Come sunset, thousands of motorbikes spread out across Chinese cities, delivering popular night snacks, including spicy hot pot ingredients, shredded potato and crawfish, part of a boom in home food delivery in recent years. The food delivery business in China has seen a 44% compound annual growth rate since 2013, compared with 27% a year from 2010 to 2013, according to a new report this week from consulting firm Bain & Company and consumer insights company Kantar Worldpanel.
That growth has been driven in large part by apps, with the online food order market increasing to 166 billion yuan ($24 billion) in 2016 from 125 billion yuan ($18 billion) in 2015 , according to an earlier report from internet-focused research firm iiMedia (link in Chinese). After breakneck growth that has slowed, the market is stabilizing, and is expected to reach $35 billion in 2018.

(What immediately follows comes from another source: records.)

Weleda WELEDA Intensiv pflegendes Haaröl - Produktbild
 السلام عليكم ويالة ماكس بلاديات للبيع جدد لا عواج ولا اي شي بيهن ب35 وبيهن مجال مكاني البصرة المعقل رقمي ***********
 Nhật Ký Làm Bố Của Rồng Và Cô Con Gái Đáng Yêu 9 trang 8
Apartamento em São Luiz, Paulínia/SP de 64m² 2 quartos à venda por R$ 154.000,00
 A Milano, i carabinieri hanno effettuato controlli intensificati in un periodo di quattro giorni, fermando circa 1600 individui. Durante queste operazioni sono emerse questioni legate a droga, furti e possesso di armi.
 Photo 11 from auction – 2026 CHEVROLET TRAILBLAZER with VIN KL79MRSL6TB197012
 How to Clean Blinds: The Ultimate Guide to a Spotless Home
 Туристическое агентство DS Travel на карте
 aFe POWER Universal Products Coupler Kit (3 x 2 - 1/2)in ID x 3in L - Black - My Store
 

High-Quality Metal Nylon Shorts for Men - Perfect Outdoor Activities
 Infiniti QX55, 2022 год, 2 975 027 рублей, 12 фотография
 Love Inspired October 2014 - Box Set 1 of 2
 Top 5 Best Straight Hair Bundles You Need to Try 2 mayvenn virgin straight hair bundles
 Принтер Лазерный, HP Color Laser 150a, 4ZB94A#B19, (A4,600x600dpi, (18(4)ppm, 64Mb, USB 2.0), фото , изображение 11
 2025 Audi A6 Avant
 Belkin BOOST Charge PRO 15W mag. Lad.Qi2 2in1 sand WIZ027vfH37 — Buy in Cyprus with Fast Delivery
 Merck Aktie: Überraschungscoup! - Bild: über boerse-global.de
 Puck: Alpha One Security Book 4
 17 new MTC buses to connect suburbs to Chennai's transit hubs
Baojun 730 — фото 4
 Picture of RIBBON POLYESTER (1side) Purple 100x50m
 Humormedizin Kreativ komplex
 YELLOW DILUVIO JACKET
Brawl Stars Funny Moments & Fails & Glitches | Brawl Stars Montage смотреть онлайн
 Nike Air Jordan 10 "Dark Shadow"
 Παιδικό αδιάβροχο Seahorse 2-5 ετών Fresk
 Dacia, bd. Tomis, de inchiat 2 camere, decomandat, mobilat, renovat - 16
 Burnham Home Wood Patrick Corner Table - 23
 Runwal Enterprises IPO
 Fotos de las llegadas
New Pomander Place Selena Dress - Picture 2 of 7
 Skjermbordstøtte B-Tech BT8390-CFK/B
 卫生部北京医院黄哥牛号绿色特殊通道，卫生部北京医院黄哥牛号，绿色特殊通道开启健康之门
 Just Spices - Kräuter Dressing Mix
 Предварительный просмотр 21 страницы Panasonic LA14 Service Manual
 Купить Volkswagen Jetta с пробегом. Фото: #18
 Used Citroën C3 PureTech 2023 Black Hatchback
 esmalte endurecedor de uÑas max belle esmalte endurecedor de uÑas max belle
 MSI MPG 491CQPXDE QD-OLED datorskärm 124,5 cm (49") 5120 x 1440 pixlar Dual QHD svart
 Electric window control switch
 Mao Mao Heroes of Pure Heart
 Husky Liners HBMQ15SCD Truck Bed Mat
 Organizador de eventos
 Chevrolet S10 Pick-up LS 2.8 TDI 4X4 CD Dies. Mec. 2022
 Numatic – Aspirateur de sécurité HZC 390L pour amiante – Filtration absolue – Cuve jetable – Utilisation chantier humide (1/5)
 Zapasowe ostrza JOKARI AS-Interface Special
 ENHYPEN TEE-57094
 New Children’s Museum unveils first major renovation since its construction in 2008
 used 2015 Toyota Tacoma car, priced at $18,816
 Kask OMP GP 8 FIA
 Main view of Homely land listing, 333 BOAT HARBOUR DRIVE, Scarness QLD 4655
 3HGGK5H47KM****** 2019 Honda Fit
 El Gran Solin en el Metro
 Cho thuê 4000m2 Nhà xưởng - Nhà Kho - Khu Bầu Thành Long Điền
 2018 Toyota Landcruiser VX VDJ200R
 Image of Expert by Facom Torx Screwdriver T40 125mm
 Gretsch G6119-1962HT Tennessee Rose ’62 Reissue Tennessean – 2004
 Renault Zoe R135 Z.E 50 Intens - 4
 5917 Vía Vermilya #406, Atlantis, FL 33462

As a result of the growth, food delivery aggregators like Meituan, Ele.me and Baidu Waimai, the three dominant players, can tell you a lot about what people in China eat and when.
Late night orders, between 8pm and 6am, for example, are growing. Their share in overall orders more than tripled between 2015 and 2016, according to data from Ele.me. Spicy hot pot ingredients, shredded potato, preserved egg and pork congee, fried chicken, and hamburgers were among the most popular late-night food orders since January this year.
Meanwhile, another food, usually consumed with icy beer on hot summer nights, is gaining popularity as a bedtime snack star, according to Meituan (link in Chinese). Last year alone China consumed 879,300 tons of crawfish, though not only online. There are some 17,670 crawfish restaurants, according to Meituan, or about three times of the number of KFC outlets in China.
Food delivery apps saw particular spikes at two key moments over the past year. During the 2016 Olympic Games, late-night snack orders on Ele.me got a boost. On August 20, when Chen Long met Lee Chong Wei in the badminton final, late-night orders jumped by 22% (link in Chinese)—which conjures up an image of people jumping up, and waving their fried chicken drumsticks to cheer Chen’s victory.
Orders also saw a surge (link in Chinese) the night before the annual online shopping extravaganza on Nov. 11, spearheaded by e-commerce giant Alibaba but adopted by other firms now, as people prepared to stay awake through the night and shop obsessively for discounted goods.